User Agent behaviour in handling response status codes is not defined in the http specification. The description of the status code does hint to an expected behaviour yet this is a matter of interpretation within the context of a UA target and any inference within a single context, while sensible, is not a mandate and can not be expected universally.

This isn't a problem with http specification or html for that matter, it's just an area which hasn't been specified before. It seems increasingly likely that html may become a harbour for this, however this is a separate issue from the application of form methods since UA processing is the same for GET and POST through forms and through any type of XHR requests.

If PUT and DELETE have highlighted another issue this is a good thing, but existing UA behaviour in response handling is no refection on the validity of form methods.

>
> In my mind, this may be true to some extent. For example, let's say I'm browsing my blog backend, opening the latest post page, and sending a successful DELETE request. If the server replies with a 204 (no content) response, what should my browser do? Nothing? Redirect to post-list?

There is nothing which specifies that a server *must* respond to a DELETE with a 204. Why is 204 deemed to be the correct response?

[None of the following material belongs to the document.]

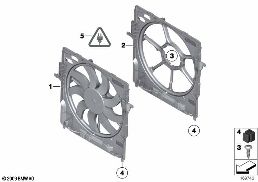 FAN HOUSING, MOUNTING PARTS diagram for BMW X6 E71 30dX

If a server is communicating with a user through a html-browser it should be returning content for the user to see. If the server isn't currently doing that, it doesn't invalidate the request, it just means the server doesn't implement that.

> Is there a list of conflicting use-cases? What is the state of the draft proposal? Can I help in some way?
>

A list of use cases and concerns to address is really useful, the work Mike has started contains the most up to date state of a proposal.

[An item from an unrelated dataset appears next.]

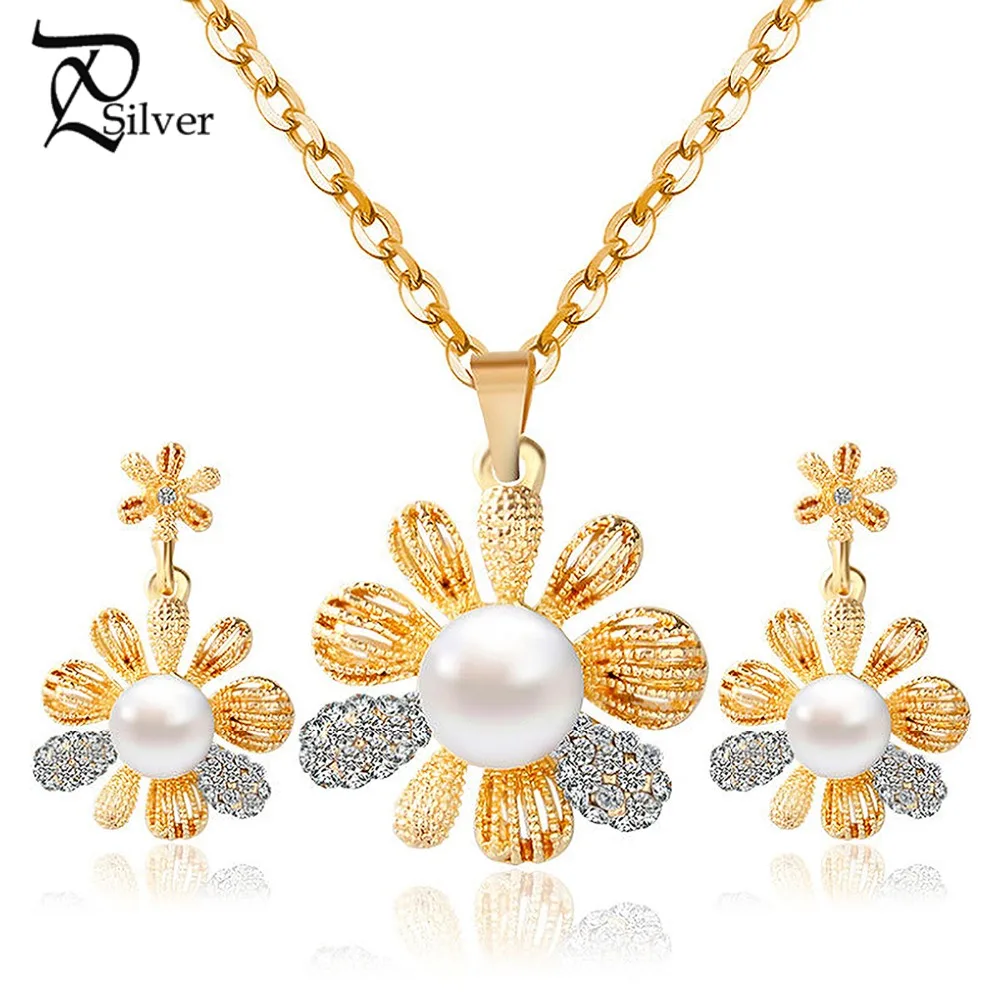 Fashion Jewelry Daisy Flower Pearl Crystal Zircon Earring Necklace Gold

With some further thought, instead of reopening the bug i will just request for it to be raised as a tracker issue as it will require the full attention of the working group. From there proposals are solicited as a means of applying changes to the specification.

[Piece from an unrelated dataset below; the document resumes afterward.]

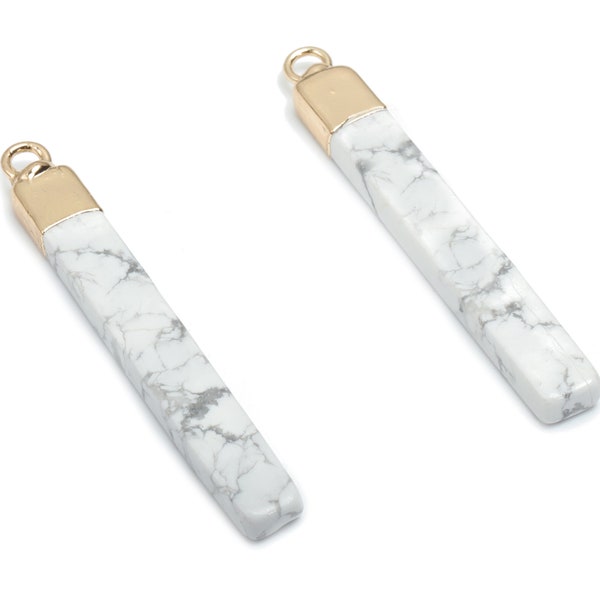 Howlite Stick Earring Charm - Brass Rectangle Bar Pendant - Natural Stone - Gold Tone Plated Brass – Jewelry Supplies - 44x5.8x3.5mm–NS1603C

I hope that you and everyone else who has been involved so far will remain engaged in the issue and that this will progress united and with as much community help as can be provided.


> Regards.
> --
> Thibault Jouannic
> Ingénieur web freelance
> +33 (0) 6 30 47 30 50
> http://thibault.jouannic.fr
>


Thanks,
Cameron Jones


> On Fri, 9 Dec 2011 15:14:57 +0000
> Cameron Heavon-Jones <[hidden email]> wrote:
>
>> I reopened the bug earlier this year prompted by requests from this mailing list. since we've been working on a draft proposal and also addressing concerns from Julian who initially created the bug. the most recent discussion can be found on public-html[1] which was started by yet another request to revisit.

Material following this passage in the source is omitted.